For the most part, these nuts and bolts questions leave aside numerous theoretical concerns which, we suspect, will be attended to, once the initial rush of sensational headlines passes. There might, for example, be a very significant self-selection process in operation when it comes to contacting members of Congress. Consequently, the "congressional support" variable may very well say more about the kinds of people who contact members of Congress (as well as the overall quality of their applications) than it does about the impact of the mere use of Congressional stationery. Similarly, before we assert a direct relationship between race and outcomes, it seems practical to also explore (or at least think about) indirect effects. In due course.

UPDATE: 12/9/2011, This afternoon two writers for the ProPublica piece were kind enough to call me to provide me their responses to some of the concerns expressed above. They were also open to fielding some questions. As I understand it, they are not willing - at least currently - to release even a classification results table (in order to assess goodness of fit, or the proportion reduction in error). Nor are they willing to share - at least currently - a correlation matrix for the final model. While this would all be somewhat peculiar behavior for an author in my own discipline (political science), I understand that the world of journalism is (and is certainly allowed to be) very different. On the other hand, there is no small irony to such hopefully unnecessary stone-walling (see second paragraph here).

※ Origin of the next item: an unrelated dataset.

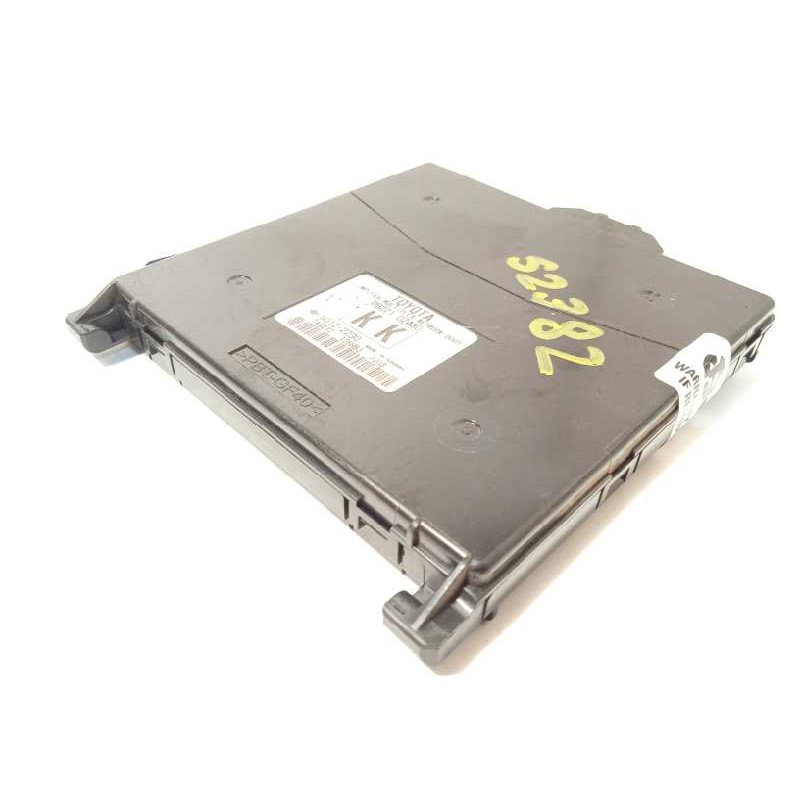 Recambio de modulo electronico para toyota auris hybrid feel! edition referencia OEM IAM 8922102480  50122230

I should also note the neither of the persons that I spoke with explicitly claimed to be responsible for running the statistical analysis, or claimed to have any degree of expertise with logistic regression. ProPublica reports (here) that the Department of Justice is "reviewing" its statistical analysis, but I cannot imagine that it is much of a review without such basic information as descriptive statistics, a classification results table or a correlation matrix (all standard output in programs that perform logistic regression

I also asked about the distribution of applications which were merely forwarded by members of Congress v. those which involved substantive support. I was told those data were not "at hand," but that I was tersely welcomed to wade through copies of letters on the ProPublica web page and arrive at a determination of the figures (and, I suppose, all decision making rules) myself

Finally, it was made clear to me that ProPublica, however annoyed with me, was very little concerned about any of the issues that I have raised because, to date, I appear to be the only person who has such concerns. It was furthermore noted that, when the DOJ performed its own recent review of clemency in the Bush administration, I was not consulted. I took all of that to mean exactly what I think it was intended to mean, however awkward its delivery, but had to chuckle as it was ProPublica who called me! and asked me to share information freely! More importantly, and more personally satisfying, I say to readers who know me, and those who are familiar with the history and impact of this blog, one word  ... "respite." :-) Thus, the little blog that can marches on, cheerfully!